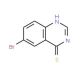 6-bromoquinazoline-4-thiol - chemical structure image
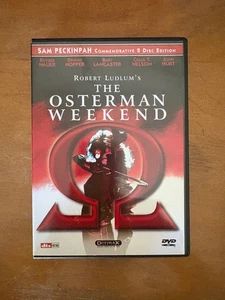 Osterman Weekend (DVD, 1983) - Bild 1 von 1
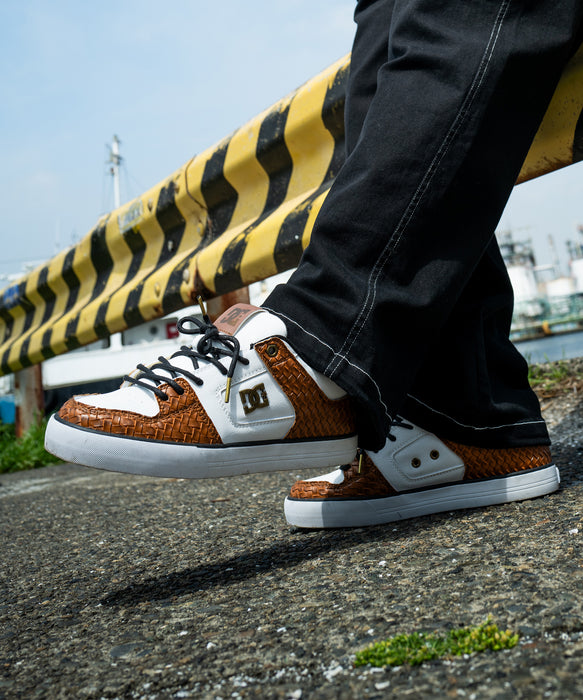 DC Shoes PURE SE SN フットウェア スニーカー メンズ ユニセックス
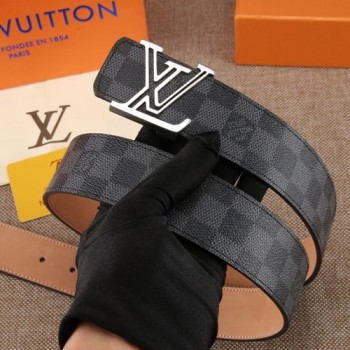 LV 로고버클 벨트(2 COLOR)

WORK REQUEST | Output the lines above in full and exactly. Leave out every picture.

TASK RESPONSE |
 6-bromoquinazoline-4-thiol - chemical structure image
 Osterman Weekend (DVD, 1983) - Bild 1 von 1
 DC Shoes PURE SE SN フットウェア スニーカー メンズ ユニセックス
 LV 로고버클 벨트(2 COLOR)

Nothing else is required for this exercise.